Let's say that the Model (Bean, XML frgment, etc.) I am editing contains a value that represents a Currency in Pounds Sterling as a java.math.BigDecimal, I'd set up my Convertor like this :
<fd:field id="dieselprice" required="true">
<fd:label>Price for a liter diesel:</fd:label>
<fd:datatype base="decimal">
<fd:convertor variant="currency" currency="GBP"/>
</fd:datatype>
</fd:field>

When my number eg. "1000.00" goes into the Convertor, it is localised to the format for the viewer's locale, so in the UK someone should see: "£1,000.00", in France: "1 000,00 UK£" etc. (PS. Diesel will cost £1000 per litre one day, you'll see ....)

So far, so good. The user gets a number in a format they recognise, the edited number is returned to the server and the Convertor performs the reverse operation, to store it back to the java.math.BigDecimal.

Now the fun starts ........

I am changing CForms on the client-side to use all Dojo editors. In the case of currency, I use the dijit.form.CurrencyTextBox. It is a cool editor, while the editor is not focussed, it shows the formatted version "1 000,00 UK£" (fr_FR) but as soon as you click to edit it, it gives you the simple version, where it is harder to make editing mistakes "1000,00" and gives you validation feedback while you are typing.

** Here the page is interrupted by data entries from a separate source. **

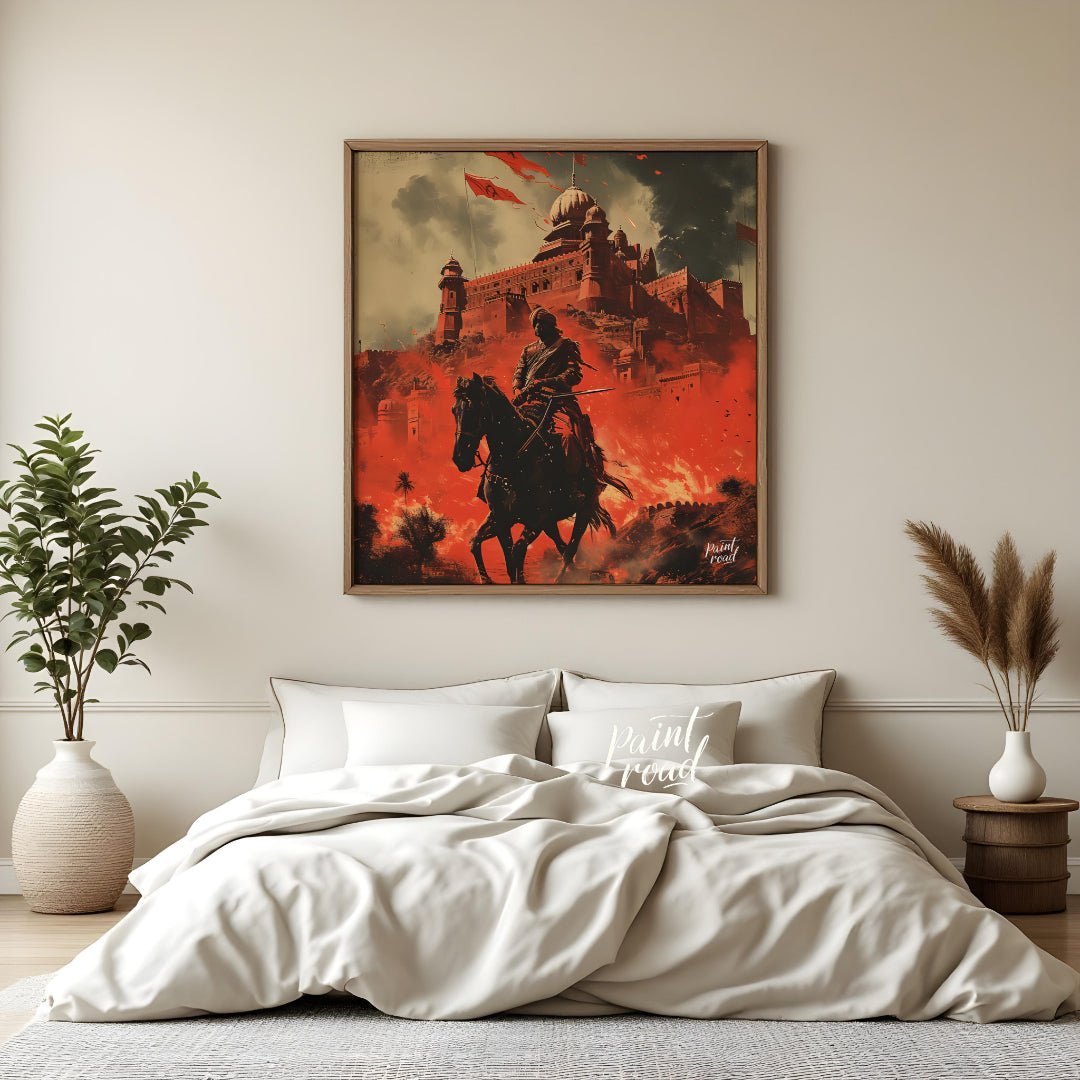 This dramatic artwork depicts a warrior on horseback riding through a fiery landscape. In the backg… for bedroom
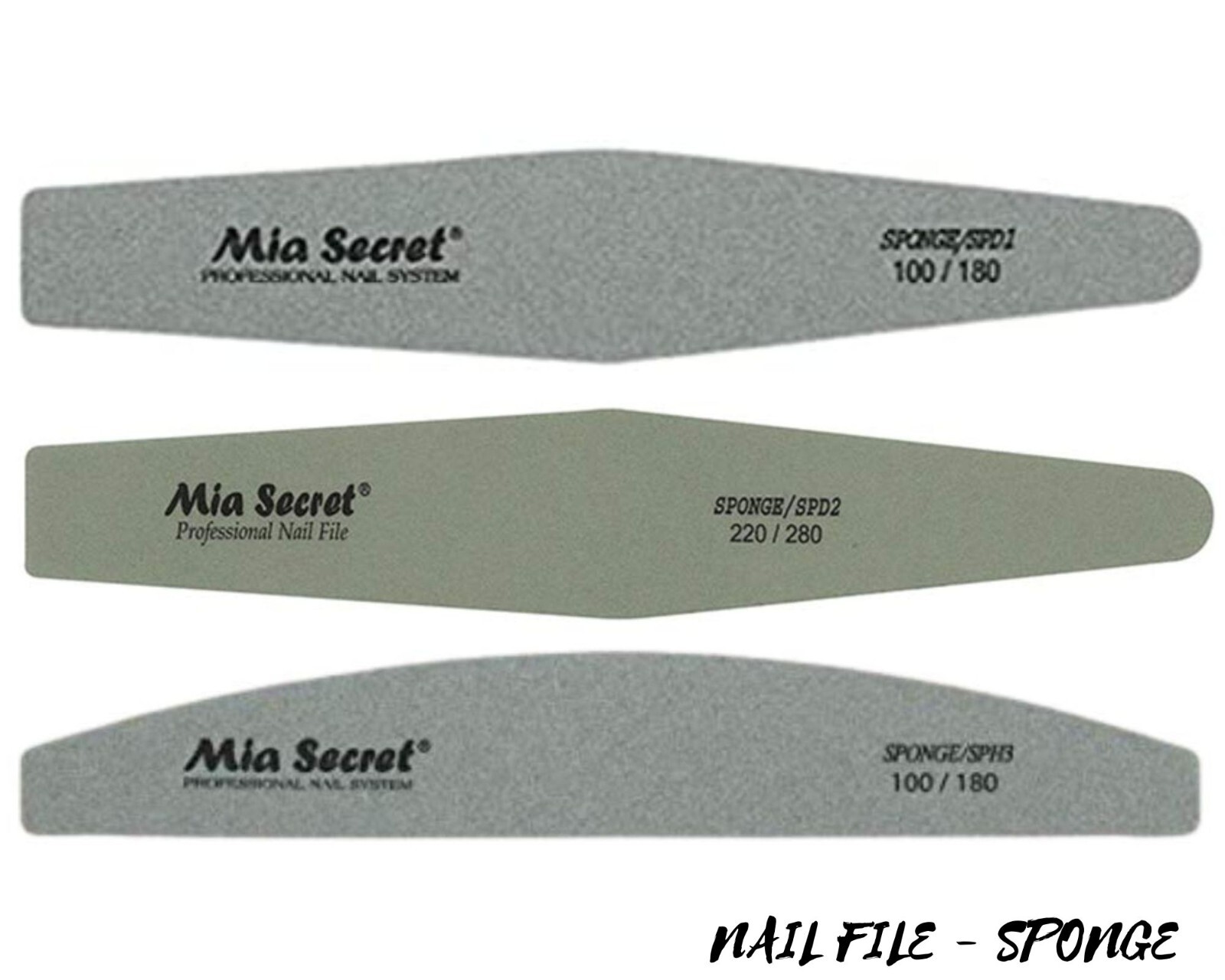 Mia Secret Nail File – SPONGE HALF MOON 100/180 & DIAMOND 100/180-220/180 3pcs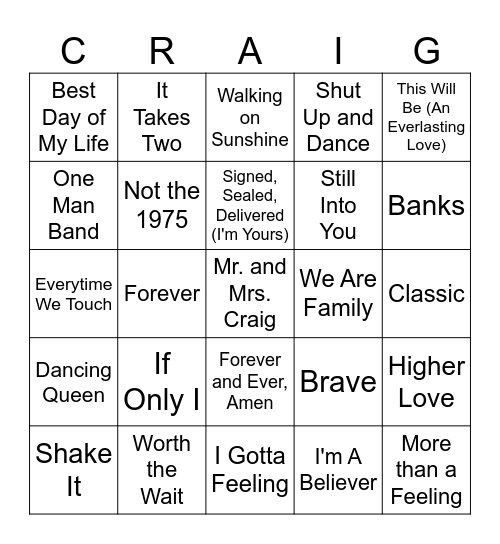 CraigsbyChristmas Bingo Card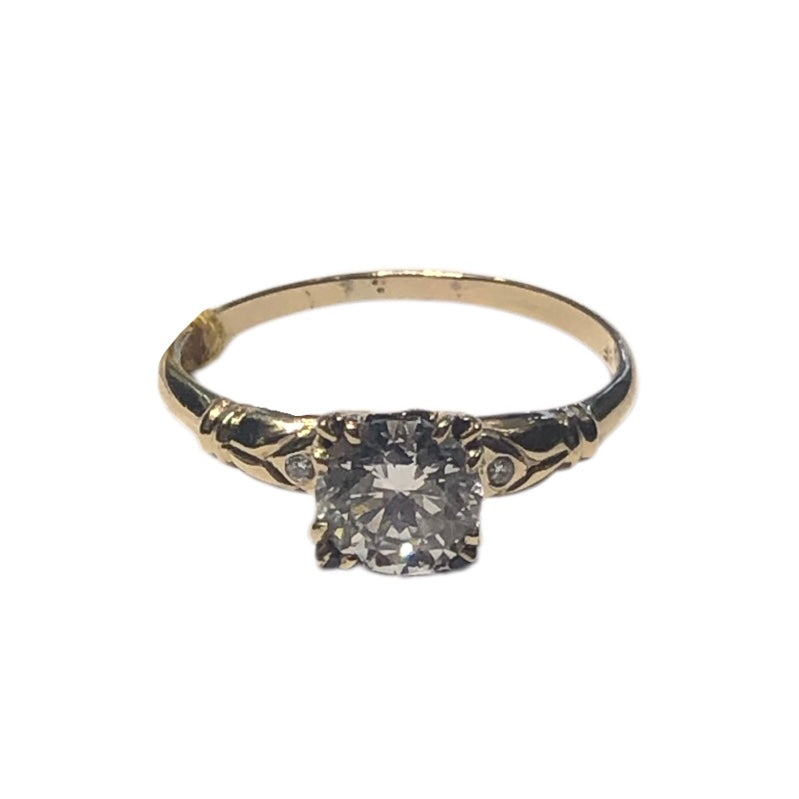 Antique Tulip Lab Diamond Ring
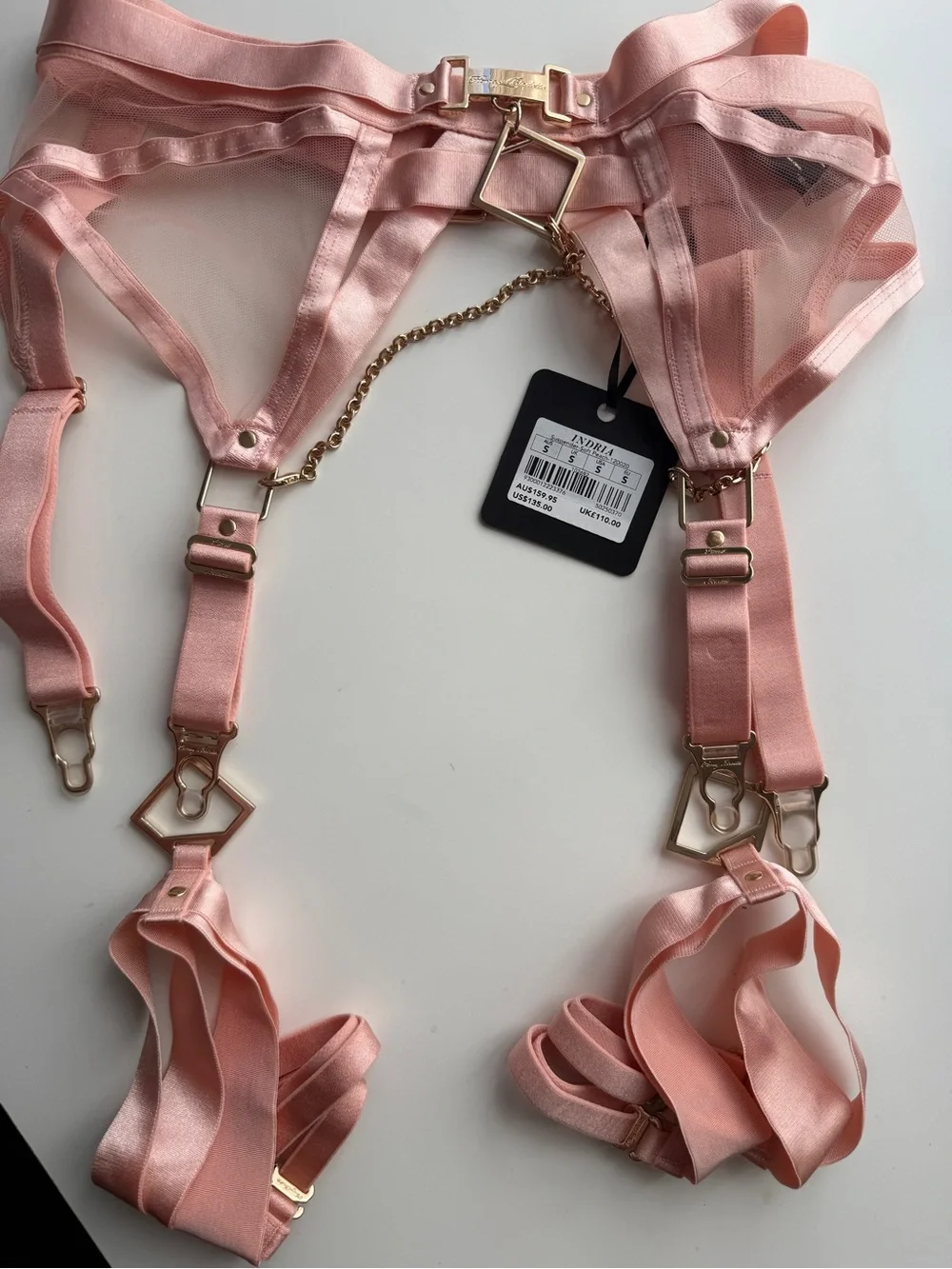 New Honey birdette Indria Suspender Luxury Pink Strappy Garter Belt Chain size S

So here comes the first impedance mis-match .... Dojo does not expect the server to format and localise the number as a String, it expects the server to send the value in the same format as a JavaScript primitive "1000.00". Dojo then uses it's vast library of localisation formatting rules to convert the primitive to a formatted String suitable for the locale of the User, allow that to be edited and post the new primitive back to the server.

So, I can hack Dojo, or I can hack CForms. I hacked Dojo, because CForms has the right behaviour, it should still work when someone has JavaScript turned off, they will see a simpler form but with properly localised values in it.

So I extended dijit.form.CurrencyTextBox <-- cocoon.forms.CurrencyField, to allow it to send and receive formatted strings instead of number primitives (as text).

Boom Boom, job done! (so I thought).

The first hint of trouble appeared when I was testing numbers represented as percentages. They would display fine in some locales but not in others. You see Dojo needs to be able to interpret the format to be able to validate it and it turned out that Java and Dojo use different formats for percentages in fr_FR and de_DE (France and Germany).

While Java formats them as "#,##0%" (123%) Dojo formats them as "#,##0 %" (123 %).

I am thinking WTF! These are supposed to be international standards! Where's this stuff coming from?

On the Java side, the closest hint I could find was that java.text.DecimalFormat is copyrighted by Taligent (IBM). It is also possible that IBM wrote the number formatting in Dojo, I believe they contributed all of the Internationalisation classes to Dojo, but specifically, Dojo's datasource for compiling it's lookup tables is Unicode.org. I have yet to ascertain where Java sources it's data, but there are clearly problems, I read that JDK7 will package the currency bundles in a way that does not require a whole JDK update when currencies change.

So there is an annoyingly large number of very detailed differences between localised currency formats in Dojo and Java, simple differences like individual locale's currency symbol can be worked around via Dojo APIs, deeper problems like group and decimal separators not matching for Arabic and some far-eastern countries are proving more wasteful of my time.

I am currently using Java 1.4.2, will upgrading change the situation? Make it better? Make it worse? My JDK is supplied and maintained by Apple. Will moving to another OS make it better or worse?

It's an abysmal situation!

One tip for the would-be user of java.util.Currency and java.text.DecimalFormat is, if you call DecimalFormat.setCurrency, make sure you also copy over the number of decimal fraction digits, DecimalFormat leaves them out, resulting in a bad format for currencies that have no decimals (Japanese Yen etc.).

Currency currency = Currency.getInstance("GBP");
int digits = currency.getDefaultFractionDigits();
DecimalFormat format = (DecimalFormat)NumberFormat.getCurrencyInstance(locale);
format.setCurrency(currency);
format.setMinimumFractionDigits(digits);
format.setMaximumFractionDigits(digits);

I did not find this in any of the tutorials online, but it is in the JavaDocs.

3 comments:

Jerm said...

During the day and on into the evening, I have identified more types of inconsistencies and implemented more hacks to work around them, and I keep finding more .......

This is a loosing game I think.

The best idea I have had for a real solution (so far) is to implement a pipeline in Cocoon to output the dojo/cdlr/currency (etc.) URIs not from the files Dojo provides, but generating the content from Java NumberFormat classes directly!!

Get it from the horse's mouth as they say .....

What do you think?

Jerm said...

Ha!
Or another option I suppose, is to have the Convertor generate a java.text.DecimalFormatSymbols Object for the locale, based on the same cldr XML that Dojo uses.

Jerm said...

I know, it's getting daft ..... Here's another one ..... ((Jeez! Apache is so adaptive! ))

You can use Ant build scripts provided in the Dojo release to build the files that provide the dojo/cldr URIs, for the locales you are interested in (or all of them).

The build script (downloads Saxon!! then) runs some XSLT to transform cldr XML files from Unicode.org to build the json files that Dojo loads as bundles.

Ant runs in Java.

It could maybe build the cldr files from all of Java's supported Locales, by reading the java.text.DecimalFormatSymbols from each Locale supported by DecimalFormat?

Ha Ha Ha !!

Any more for any more?